Task statement
Copy all the data exactly, except the pictures.

Information provided
--

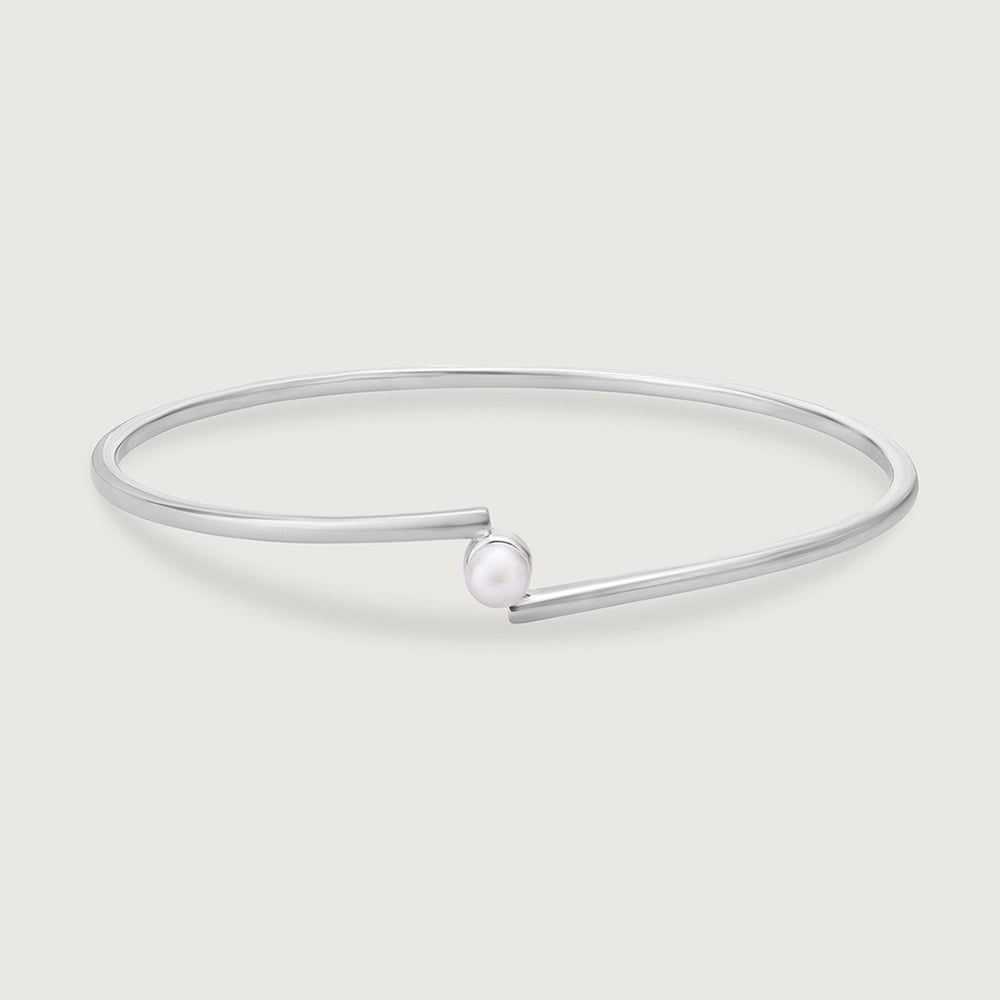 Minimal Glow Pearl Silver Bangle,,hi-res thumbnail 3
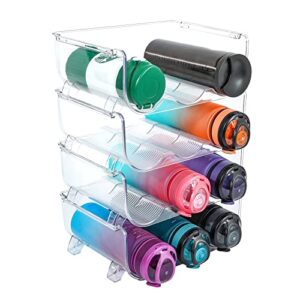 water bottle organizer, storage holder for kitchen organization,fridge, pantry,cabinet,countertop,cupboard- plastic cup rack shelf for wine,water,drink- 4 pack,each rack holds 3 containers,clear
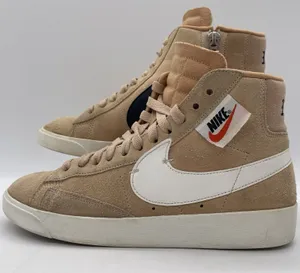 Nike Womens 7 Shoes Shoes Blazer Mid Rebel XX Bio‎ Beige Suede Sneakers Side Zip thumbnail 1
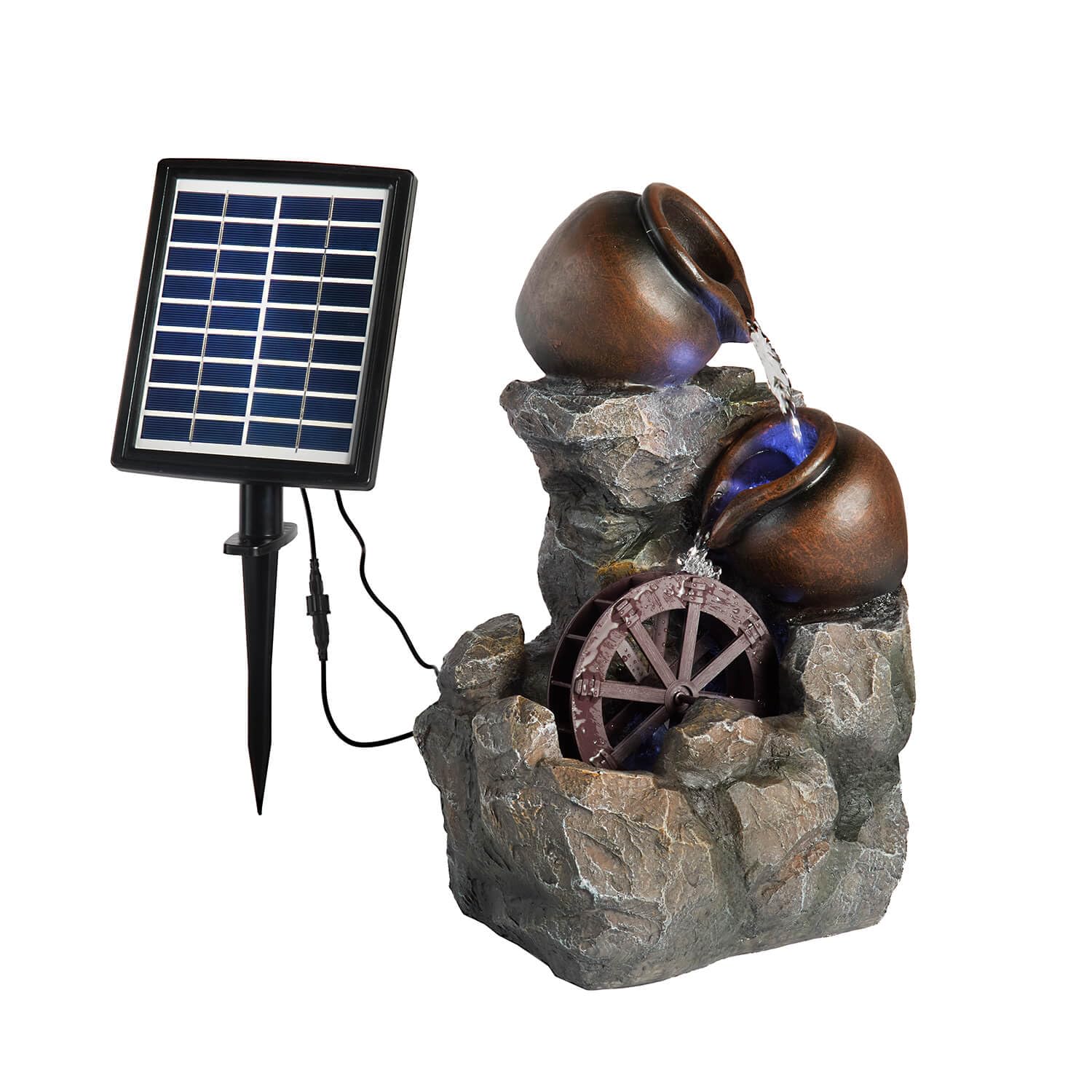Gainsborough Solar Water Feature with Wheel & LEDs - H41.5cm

--

Result of this exercise
 Minimal Glow Pearl Silver Bangle,,hi-res thumbnail 3
 water bottle organizer, storage holder for kitchen organization,fridge, pantry,cabinet,countertop,cupboard- plastic cup rack shelf for wine,water,drink- 4 pack,each rack holds 3 containers,clear
 Nike Womens 7 Shoes Shoes Blazer Mid Rebel XX Bio‎ Beige Suede Sneakers Side Zip thumbnail 1
Gainsborough Solar Water Feature with Wheel & LEDs - H41.5cm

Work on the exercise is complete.